Chlamydia and gonorrhea may drive as much as 10 percent of HIV transmissions among men who have sex with men (MSM). Contracting either of these two bacterial sexually transmitted infections (STIs) can raise the transmissibility of HIV among those who have untreated HIV and therefore a detectable viral load. Additionally, chlaymdia or gonorrhea infection can make those who do not have HIV more susceptible to contracting it.
STIs have risen steeply in the United States in recent years, in particular among MSM.
Publishing their findings in Sexually Transmitted Diseases, researchers used mathematical modeling to project chlamydia and gonorrhea’s combined contributions to HIV transmissions over a 10-year period.

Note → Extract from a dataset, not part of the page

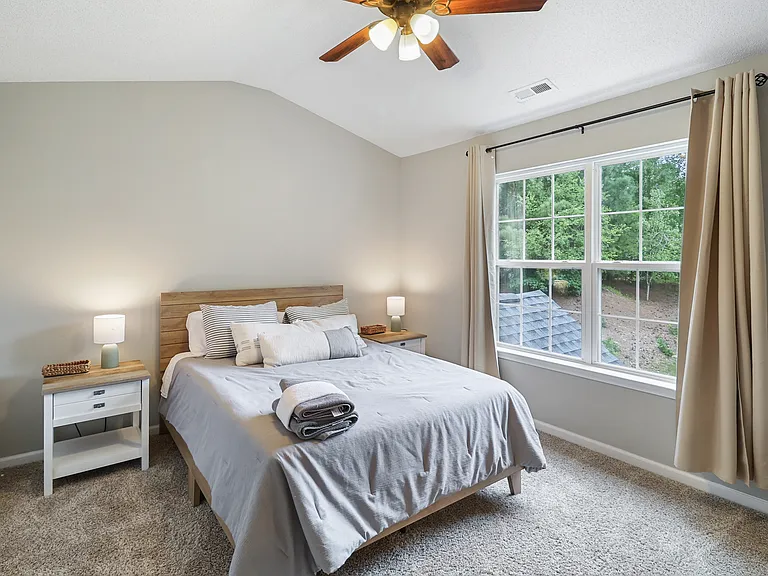 504 Auburn Square Dr — Photo 1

Specifically, they looked at one scenario in which the two STIs raised the risk of transmission and acquisition of HIV and compared that scenario with a second one in which gonorrhea and chlamydia did not affect the HIV incidence rate.

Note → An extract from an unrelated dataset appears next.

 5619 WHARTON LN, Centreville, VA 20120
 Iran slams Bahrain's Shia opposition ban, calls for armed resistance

The probability of HIV transmission, according to the mathematical model, was modified not just by gonorrhea and chlamydia but also by the viral load of the HIV-positive sexual partners, the presence of the CCR5 delta-32 mutation that confers genetic resistance to the virus, condom use, sexual role (insertive or top versus receptive or bottom) and whether the insertive partner was circumcised.
Male circumcision is associated with about a 60 percent reduced risk of female-to-male transmission of HIV. At least in theory, circumcision may also reduce the risk of transmission of HIV when the receptive partner in sex between men has the virus and the insertive partner is HIV negative; no study has proved this, however.
For HIV-positive partners not taking antiretrovirals, the study authors considered viral load as a continuous function of time since infection and disease stage.
Gonorrhea and chlamydia infection were considered active until diagnosis and antibiotic treatment or the body’s natural clearance of the STIs, which takes place after an average 246 and 310 days, respectively.
At the outset of the 10-year theoretical period, the prevalence of HIV was 14.7 percent while 1.3 percent of the population of MSM had gonorrhea and 3.7 percent had chlamydia.
Overall, 10.4 percent of the new HIV infections, the researchers concluded, would be driven by chlamydia and gonorrhea.
“With [sexually transmitted diseases] increasing year after year and investment in prevention lagging, our field is in crisis,” David C. Harvey, executive director of the National Coalition of STD Directors, said in a press release. “It’s time to mobilize as a nation to address the STD epidemic, and this study gives us our marching orders. Our organizations welcome and fully endorse the findings of this expert panel.”
“The historic levels of STDs imperil our progress towards ending HIV,” Harvey continued. “We can’t hope to end HIV without also addressing STDs.”
NCSD is pushing Congress to grant an additional $70 millionfor the Centers for Disease Control and Prevention’s (CDC) STI prevention program to respond to the recent surge in transmissions of chlamydia, gonorrhea and also syphilis. The program’s current $157.3 millionannual budget reflects a 40 percent decline in purchasing power since 2003, according to NCSD.